Hotline Miami 2: Wrong Number
At the time of writing, Hotline Miami 2 is confirmed to be present at the show but seems to be embargoed for a few more weeks, meaning unless any information leaks out, we’ll have to wait a little longer to get the low-down on the sequel of one of 2012′s best games. The mere fact that it exists is reason enough to justify its place on this list.
Undoubtedly the PS Vita’s most promising prospect, Tearaway from LittleBigPlanet developer Media Molecule, seems to be taking advantage of the system’s unique capabilities like no other title so far. Its paper-craft world is strikingly different from a visual perspective and brimming with charm while its gameplay mechanics revolve around platforming puzzle solving in such a way as to make full use of both front and back touch and the Vita’s camera. Media Molecule are able to innovate like so very few other developers and their talents look like they’ll translate effortlessly to the portable space, potentially serving as a saving grace for a piece of hardware that has struggled to find its footing.
Batman Arkham Origins: Blackgate
Arkham Asylum was one of the most pleasant surprises of the generation.
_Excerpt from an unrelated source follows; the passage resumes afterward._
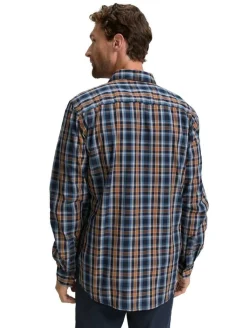 Outlet Tom Tailor paita 1047324 38477 Navy blue shades check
Arkham City built upon a rock solid foundation and expanded the scope in a logical direction. Arkham Origins, disappointly, seems like a case of squabbling to fit in one final entry before the close of the generation, its existence questionable and its feature set so far, looking very unsurprised. Thankfully, that isn’t the only Batman action on offer this year, with the portable Blackgate for 3Ds and Vita taking a fresher, 2D approach on the ideas that established its console relatives as a prime franchise. We still don’t know a whole lot about Blackgate other than that it takes nods from both Metroid and Castlevania while at the same time, retaining the near flawless combat system that made the original Arkham entry such a hit. At the moment, it has some rough edges but there’s plenty of time for polishing before release later this year.
Super Smash Bros. Wii U and 3DS
Nintendo needed to come out swinging with original IP and bold new directions for existing franchises but did neither of those. They did however unveil the latest entry in the Super Smash Brothers franchise and for somehow the first time, showed off a handheld version which will presumably accompany the console release next year. The usual stars showed up, along with newcomers Mega Man, the villager from Animal Crossing, and the Wii Fit Trainer (yes, really). It’s highly likely that we won’t see many or even any reforms with this edition but the fact that Smash Bros. is relatively young, a once in a generation event allows it some leeway from the criticism that Nintendo simply recycle the same templates over and over again with only the most minute of changes.
What caught your attention at this year’s show?